As in python:

str="Hello"

[i]     :  -5 -4 -3 -2 -1 0 1 2 3 4
str[i]  :   H  E  L  L  0 H E L L O

of course not only for strings, for all arrays.

This is a good idea, but it has a significant runtime cost for every array access.

"vb" <none@nil.com> wrote in message news:Xns9297BBCA6B999whatisthis@63.105.9.61...
> As in python:
>
> str="Hello"
>
> [i]     :  -5 -4 -3 -2 -1 0 1 2 3 4
> str[i]  :   H  E  L  L  0 H E L L O
>
> of course not only for strings, for all arrays.

But that cost should be less than any other way of doing the equivalent negative indexing.

There are other languages, such as J (think of APL using ASCII, then add steroids), where negative indexing makes the implementation of many algorithms far more "natural".  My most recent example was performing some image manipulation using 3x3 convolution matrices.  There is always the "edge problem" which in most languages requires lots of special code.  For the particular problem I was solving, having negative indices "reflect" back into the matrix provided exactly the solution I needed.

The neat thing about J in this context is that it "knows" about matrices, and I didn't even have to write a loop.  After defining my matrices, the actual "code" to do the entire operation was a single line.

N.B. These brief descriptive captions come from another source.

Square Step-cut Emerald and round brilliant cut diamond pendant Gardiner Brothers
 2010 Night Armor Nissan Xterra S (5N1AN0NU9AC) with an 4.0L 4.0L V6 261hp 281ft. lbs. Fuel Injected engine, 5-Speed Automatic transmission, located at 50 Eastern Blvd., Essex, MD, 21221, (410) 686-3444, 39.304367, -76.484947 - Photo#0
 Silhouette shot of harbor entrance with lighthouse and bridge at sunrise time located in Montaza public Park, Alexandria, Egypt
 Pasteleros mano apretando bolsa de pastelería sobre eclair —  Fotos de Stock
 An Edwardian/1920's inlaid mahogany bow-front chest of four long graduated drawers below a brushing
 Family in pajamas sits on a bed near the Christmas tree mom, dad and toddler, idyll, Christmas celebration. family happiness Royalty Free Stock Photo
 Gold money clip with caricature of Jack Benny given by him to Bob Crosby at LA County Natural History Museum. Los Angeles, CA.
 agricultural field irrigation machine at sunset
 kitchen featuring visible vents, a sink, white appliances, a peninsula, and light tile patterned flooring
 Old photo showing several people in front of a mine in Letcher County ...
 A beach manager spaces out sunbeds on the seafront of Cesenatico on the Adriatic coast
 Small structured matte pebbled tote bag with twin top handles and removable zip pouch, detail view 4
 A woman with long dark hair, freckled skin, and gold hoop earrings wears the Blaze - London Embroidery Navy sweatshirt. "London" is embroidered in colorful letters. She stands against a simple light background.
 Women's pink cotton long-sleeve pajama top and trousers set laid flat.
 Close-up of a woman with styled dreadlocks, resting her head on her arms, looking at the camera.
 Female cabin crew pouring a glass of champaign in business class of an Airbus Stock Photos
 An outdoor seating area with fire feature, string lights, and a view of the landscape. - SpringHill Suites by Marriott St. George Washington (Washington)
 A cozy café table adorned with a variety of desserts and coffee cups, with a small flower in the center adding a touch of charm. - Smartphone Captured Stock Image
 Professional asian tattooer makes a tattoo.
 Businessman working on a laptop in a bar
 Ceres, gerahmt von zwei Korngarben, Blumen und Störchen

If you are going to *really* use arrays, then negative indexing is a great help.  The alternative is often tons and tons of special-case code, or klugey things like the following (in C):

  char c = (i >= 0) ? str[i] : str[strlen(str) + i];

Which would become a macro, probably called SIGNED_INDEX().  Which is something D doesn't really want to have.  And this is something the compiler does better anyhow.


-BobC


Walter wrote:

> This is a good idea, but it has a significant runtime cost for every array access.
>
> "vb" <none@nil.com> wrote in message news:Xns9297BBCA6B999whatisthis@63.105.9.61...
> > As in python:
> >
> > str="Hello"
> >
> > [i]     :  -5 -4 -3 -2 -1 0 1 2 3 4
> > str[i]  :   H  E  L  L  0 H E L L O
> >
> > of course not only for strings, for all arrays.

I also like negative indexing.  Icon supports it too.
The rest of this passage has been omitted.